Abbreviations in P46

In addition to the numerous examples of abbreviations of sacred words, known as nomina sacra (see Nomina Sacra in P46), there are a few examples of other types of additional abbreviation. In the example above, the horizontal stroke above omega stands in place of the final letter (the nu of παντῶν). This type of abbreviation, using a stroke to represent the final nu, occurs mostly at the end of a line in this codex. However, the practice of using a stroke to represent the final letter(s) of a word is very common in non-literary papyri, as is the practice of raising the last written letter of a word to indicate an abbreviation (see the example of ϲτιχ for ϲτίχοι, in Stichometric Notes in P46).

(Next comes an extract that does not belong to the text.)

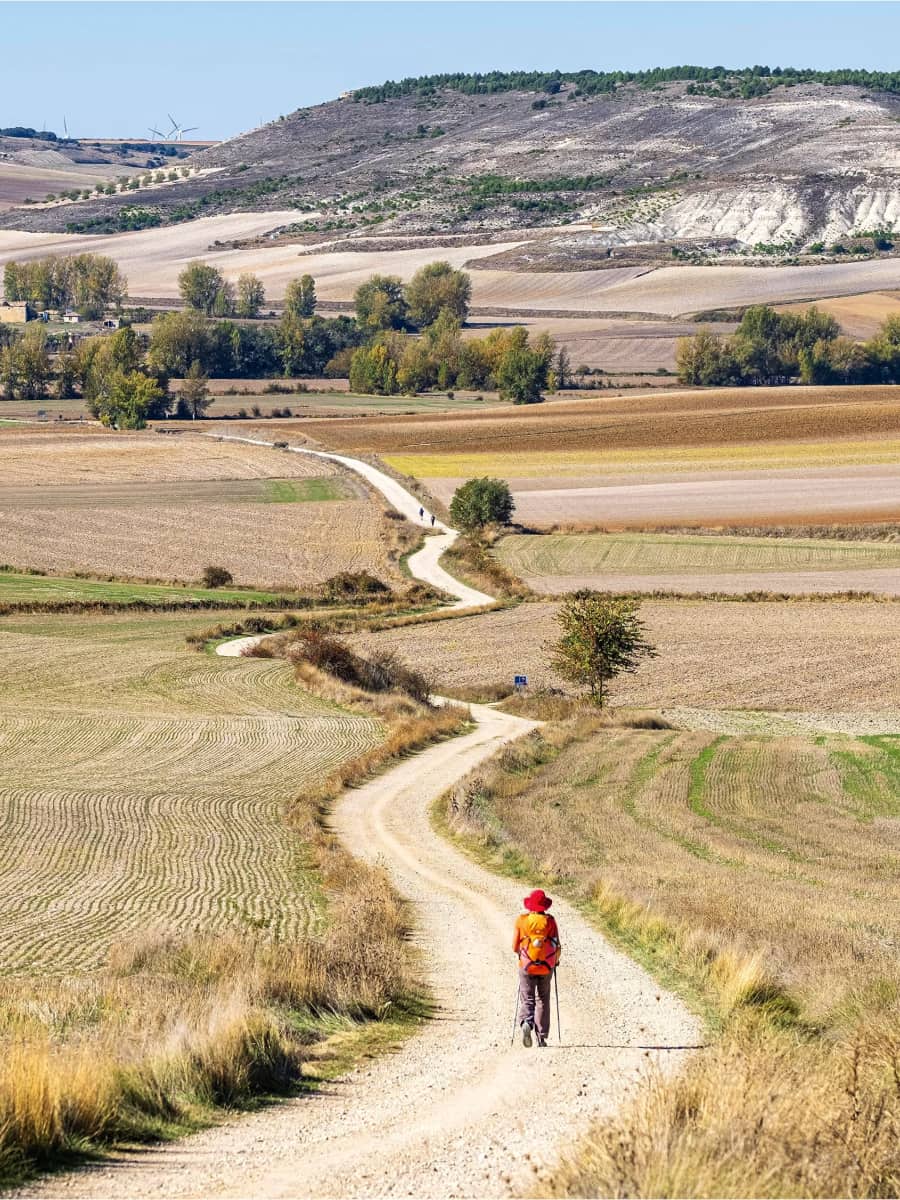 Camino de Santiago, Galicia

Different Types of Abbreviation

Below are some examples of the different forms of abbreviation found in various papyri. Examples 1 and 2 are known as suspensions, because the final letter(s) of the word are left out, and the abbreviation is indicated by raising the last remaining letter or adding a stroke over the final letter. Suspensions are common in non-literary texts, where speed of writing was valued over readability. Example 3, which is a nomen sacrum taken from P46, is known as a contraction; here, the entire word has been contracted by removing letters from within the word. The role of nomina sacra was not to save time when copying the text, but rather to distinguish the contracted word as a holy word.

Example 1

Example 2

Example 3

Example 1: μη   for μητρόϲ

Example 2: ιουλ θεω for Ἰουλίου Θέωνοϲ

Example 3: θυ for θεοῦ

Notice that in the two suspension-style abbreviations, the case of nouns and adjectives must be inferred, since the final letters of the word are lost. In a contraction (e.g. a nomen sacrum) the final letter remains and thus indicates the grammatical case of the noun.